-- Working data --
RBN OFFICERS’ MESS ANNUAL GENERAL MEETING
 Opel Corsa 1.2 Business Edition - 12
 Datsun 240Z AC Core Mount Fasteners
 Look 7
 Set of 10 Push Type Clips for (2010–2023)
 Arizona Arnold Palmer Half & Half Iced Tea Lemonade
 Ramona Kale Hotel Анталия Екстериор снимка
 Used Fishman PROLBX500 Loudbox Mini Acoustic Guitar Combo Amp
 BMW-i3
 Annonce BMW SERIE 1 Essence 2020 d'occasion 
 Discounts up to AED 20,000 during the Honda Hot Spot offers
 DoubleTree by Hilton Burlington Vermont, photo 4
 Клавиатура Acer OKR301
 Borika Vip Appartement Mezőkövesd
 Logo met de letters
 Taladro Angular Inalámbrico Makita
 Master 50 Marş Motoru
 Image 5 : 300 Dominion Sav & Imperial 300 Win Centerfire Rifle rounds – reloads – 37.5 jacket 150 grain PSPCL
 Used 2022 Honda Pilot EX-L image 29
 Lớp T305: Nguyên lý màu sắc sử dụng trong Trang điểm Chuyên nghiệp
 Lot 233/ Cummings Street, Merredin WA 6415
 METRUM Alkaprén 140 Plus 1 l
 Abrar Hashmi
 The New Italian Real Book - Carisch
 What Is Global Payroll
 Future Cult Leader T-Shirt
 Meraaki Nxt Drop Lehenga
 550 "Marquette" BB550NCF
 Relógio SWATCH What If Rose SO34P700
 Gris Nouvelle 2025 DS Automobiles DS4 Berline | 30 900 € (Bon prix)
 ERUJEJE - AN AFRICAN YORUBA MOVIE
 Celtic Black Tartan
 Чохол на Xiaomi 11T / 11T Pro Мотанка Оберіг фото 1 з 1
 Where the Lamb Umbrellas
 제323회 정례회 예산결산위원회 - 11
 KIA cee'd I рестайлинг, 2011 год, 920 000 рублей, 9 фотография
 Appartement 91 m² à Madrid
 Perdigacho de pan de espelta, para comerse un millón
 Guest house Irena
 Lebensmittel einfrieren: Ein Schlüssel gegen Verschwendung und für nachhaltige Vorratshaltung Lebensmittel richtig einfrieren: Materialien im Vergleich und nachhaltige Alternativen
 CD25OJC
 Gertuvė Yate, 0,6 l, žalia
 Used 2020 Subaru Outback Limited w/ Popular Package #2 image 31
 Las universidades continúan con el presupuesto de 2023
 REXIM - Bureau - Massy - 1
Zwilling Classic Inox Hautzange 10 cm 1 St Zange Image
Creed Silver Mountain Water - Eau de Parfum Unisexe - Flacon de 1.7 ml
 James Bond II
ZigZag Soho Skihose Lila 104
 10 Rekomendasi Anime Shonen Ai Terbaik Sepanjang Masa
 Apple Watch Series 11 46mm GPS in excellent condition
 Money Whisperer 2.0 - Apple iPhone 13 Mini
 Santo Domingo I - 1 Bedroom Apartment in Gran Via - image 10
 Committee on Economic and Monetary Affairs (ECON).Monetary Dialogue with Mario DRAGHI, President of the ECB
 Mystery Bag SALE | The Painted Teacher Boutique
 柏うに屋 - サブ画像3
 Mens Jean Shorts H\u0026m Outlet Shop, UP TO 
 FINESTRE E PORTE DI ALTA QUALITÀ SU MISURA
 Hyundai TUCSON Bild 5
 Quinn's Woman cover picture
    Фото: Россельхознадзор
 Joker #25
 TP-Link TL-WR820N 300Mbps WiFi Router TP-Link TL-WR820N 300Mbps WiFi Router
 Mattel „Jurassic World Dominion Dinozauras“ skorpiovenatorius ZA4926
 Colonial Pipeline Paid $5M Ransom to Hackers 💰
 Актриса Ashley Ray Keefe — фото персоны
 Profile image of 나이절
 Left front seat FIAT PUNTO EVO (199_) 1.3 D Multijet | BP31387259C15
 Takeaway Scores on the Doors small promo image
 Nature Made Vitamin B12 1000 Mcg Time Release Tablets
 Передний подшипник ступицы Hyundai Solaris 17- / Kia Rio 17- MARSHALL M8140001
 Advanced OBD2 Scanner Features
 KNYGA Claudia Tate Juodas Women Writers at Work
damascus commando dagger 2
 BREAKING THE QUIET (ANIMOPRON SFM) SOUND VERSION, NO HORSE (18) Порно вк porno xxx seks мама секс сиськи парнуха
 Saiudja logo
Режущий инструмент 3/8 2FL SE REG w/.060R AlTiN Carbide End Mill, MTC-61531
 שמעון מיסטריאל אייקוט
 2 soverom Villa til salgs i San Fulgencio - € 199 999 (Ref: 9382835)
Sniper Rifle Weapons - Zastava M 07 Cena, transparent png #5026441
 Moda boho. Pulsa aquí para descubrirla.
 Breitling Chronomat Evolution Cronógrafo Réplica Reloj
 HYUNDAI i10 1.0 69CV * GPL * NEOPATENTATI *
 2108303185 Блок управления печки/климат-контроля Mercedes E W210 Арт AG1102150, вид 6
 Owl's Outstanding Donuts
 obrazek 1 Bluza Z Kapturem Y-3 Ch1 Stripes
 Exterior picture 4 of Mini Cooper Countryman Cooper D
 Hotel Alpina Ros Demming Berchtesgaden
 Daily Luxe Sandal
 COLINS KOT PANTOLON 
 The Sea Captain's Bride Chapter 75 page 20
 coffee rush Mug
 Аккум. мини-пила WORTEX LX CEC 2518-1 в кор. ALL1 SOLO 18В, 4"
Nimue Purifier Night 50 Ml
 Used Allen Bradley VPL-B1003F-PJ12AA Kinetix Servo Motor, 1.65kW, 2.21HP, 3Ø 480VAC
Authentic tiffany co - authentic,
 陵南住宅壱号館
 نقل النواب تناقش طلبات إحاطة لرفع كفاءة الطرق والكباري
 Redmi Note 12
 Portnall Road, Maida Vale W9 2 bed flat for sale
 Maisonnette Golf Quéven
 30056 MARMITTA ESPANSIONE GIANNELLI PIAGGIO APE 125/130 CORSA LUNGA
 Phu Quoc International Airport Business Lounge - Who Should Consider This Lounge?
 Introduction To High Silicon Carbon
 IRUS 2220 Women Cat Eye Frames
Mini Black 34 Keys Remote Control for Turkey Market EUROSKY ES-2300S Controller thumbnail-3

-- What is needed --
Read the entries and pick out all lines that include the word "Business".

-- Solved problem --
 Opel Corsa 1.2 Business Edition - 12
 Phu Quoc International Airport Business Lounge - Who Should Consider This Lounge?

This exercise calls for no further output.